Institute: South Dakota
Year Established: 2019 Start Date: 2019-05-31 End Date: 2020-05-30
Total Federal Funds: $10,000 Total Non-Federal Funds: $20,000

Principal Investigators: Stu Geza

Abstract: Approximately 25 percent of South Dakota residents rely upon on-site septic systems for wastewater treatment. About 90 percent of Rapid City’s drinking water originates from groundwater in the Madison aquifer. The Madison aquifer is composed of limestone and dolomite, and is karstic, highly permeable and heterogeneous. Two of the hydrogeologic settings in the Black Hills area are alluvial deposits and karst limestone formations. These aquifers provide the largest single source of drinking water in the Black Hills; however, because of their karstic characteristics, recharge areas for these aquifers are sensitive to contamination. Various studies have indicated that there are several potential sources of contamination in recharge water for the Madison aquifer, including wildlife, livestock, and septic systems. While there is some knowledge of contaminant sources for the groundwater in the aquifer, there is little understanding about contaminant flow paths and potential risks. The goal of this study during the initial phase is to conduct a bench scale investigation of the potential for groundwater and surface water contamination from septic systems under vulnerable soil, geological settings, and climate conditions.
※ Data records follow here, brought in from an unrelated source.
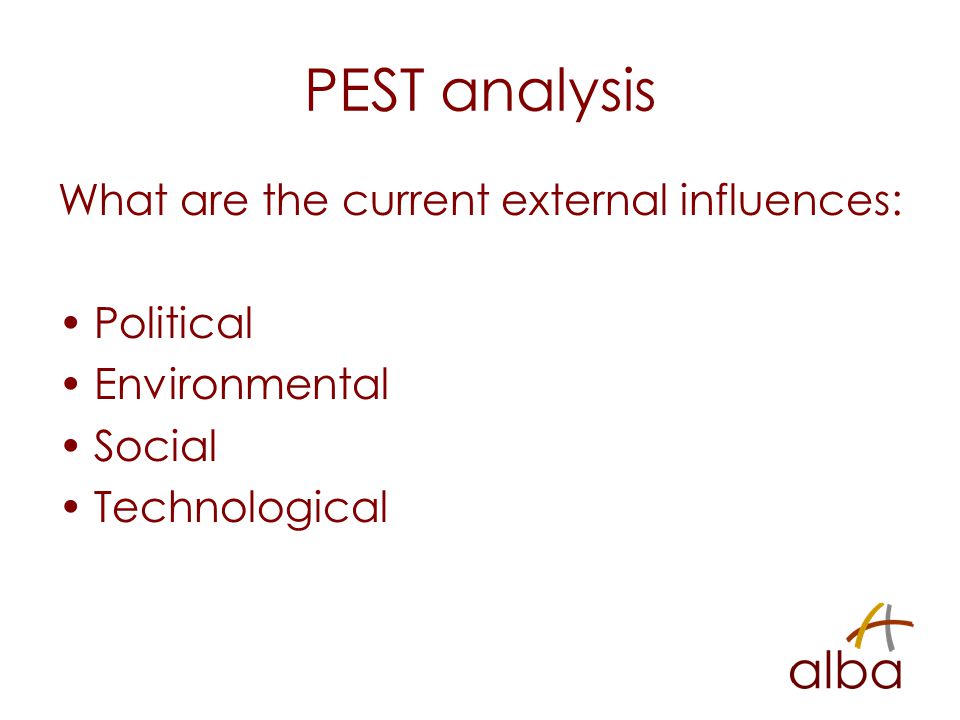 PEST analysis What are the current external influences: Political Environmental Social Technological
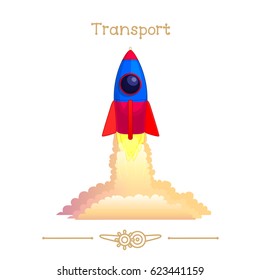cartoon transport: Rocket ship start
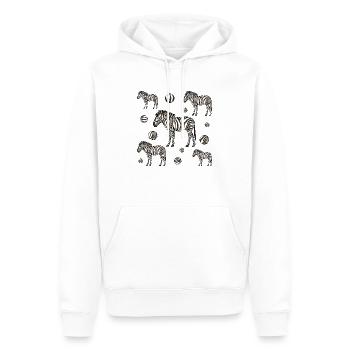 Zèbres - Sweat à capuche Premium bio Homme - blanc - Devant - Nico (187cm)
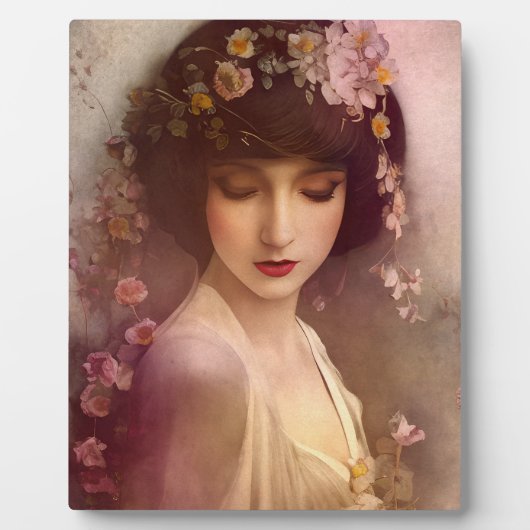  stijlportret van mooie Florale vrouw Fotoplaat (Voorkant)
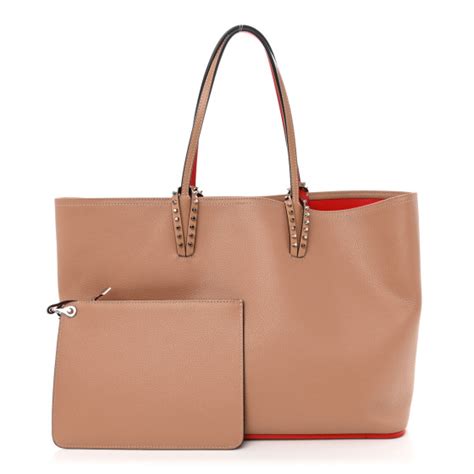 Christian Louboutin Calfskin Spikes East West Cabata Tote Nude Fashionphile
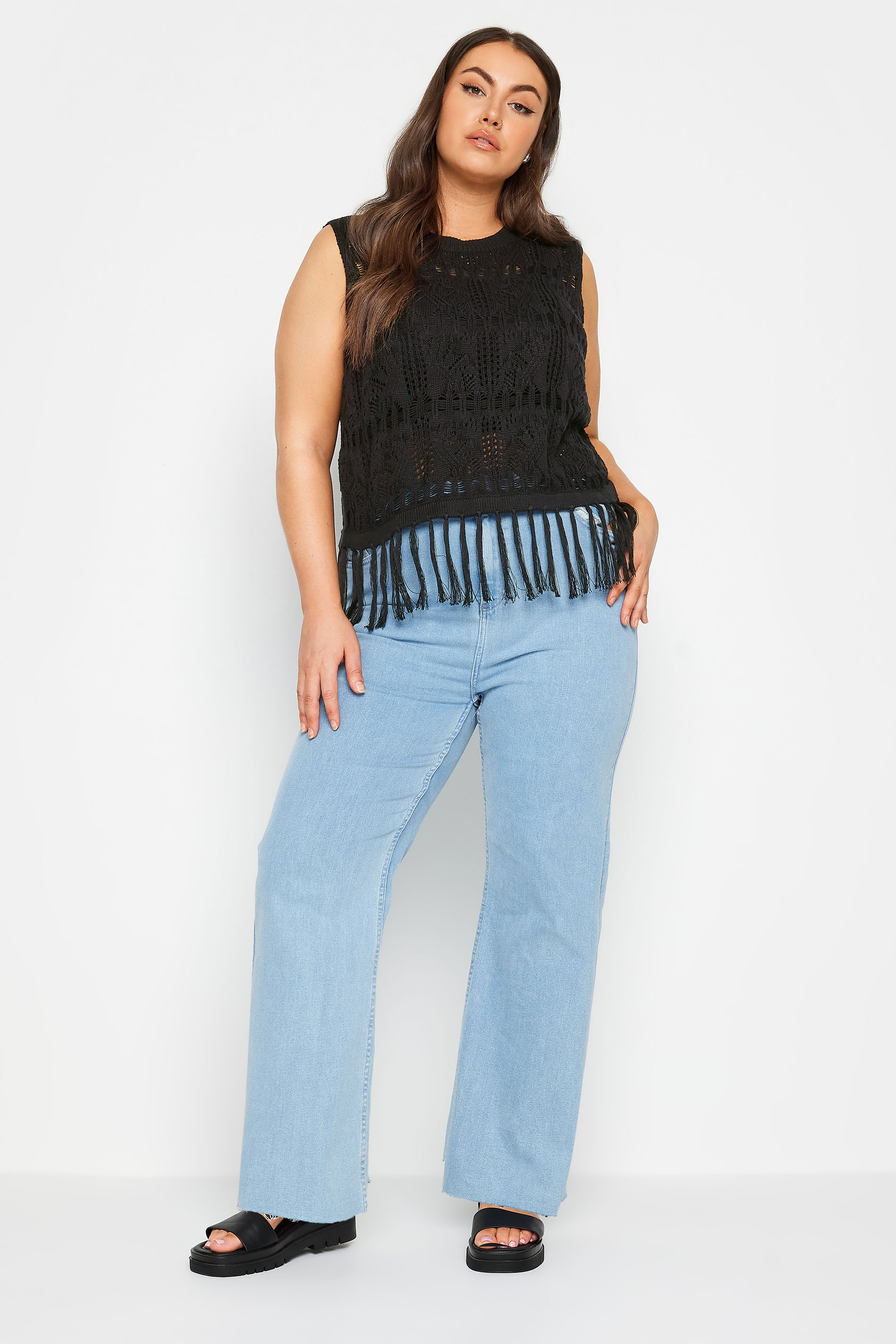 YOURS Plus Size Black Crochet Fringe Vest Top | Yours Clothing 2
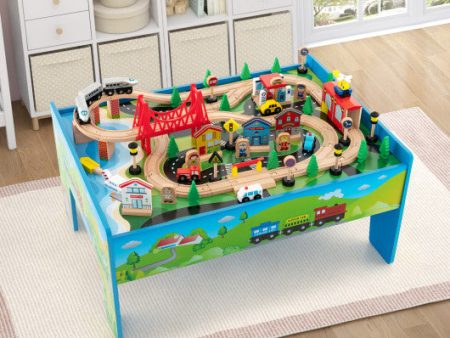 80-Piece Wooden Train Set and Table Online now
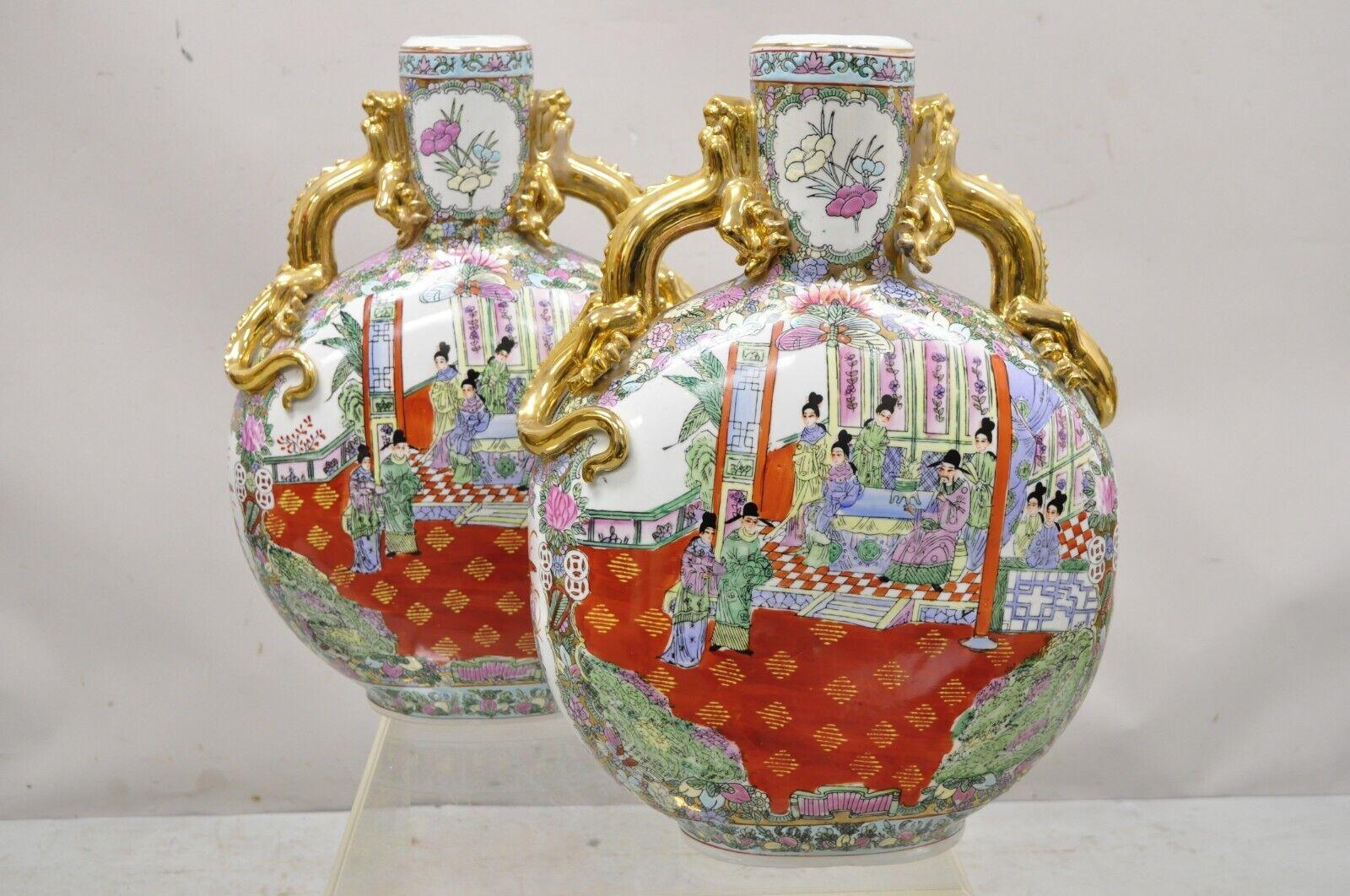 Vtg Chinese Famille Rose Porcelain Figural Orange Moon Flask Vase with Dragons For Sale 5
The research will be extended to a watershed scale investigation and evaluation of options for effective subsurface treatment system to improve treatment performance. A laboratory experiment will be conducted to assess the performance of local soils, geologic materials and selected media types. The experiment will also help identify parameter values such as nitrification, denitrification and sorption rates for native materials and other treatment media (e.g. biochar) that can be used for the development of effective subsurface or mound systems and for assessment of watershed scale impacts. To evaluate effects of temperature, the experiments will be conducted under ambient conditions at two different seasons (winter and summer).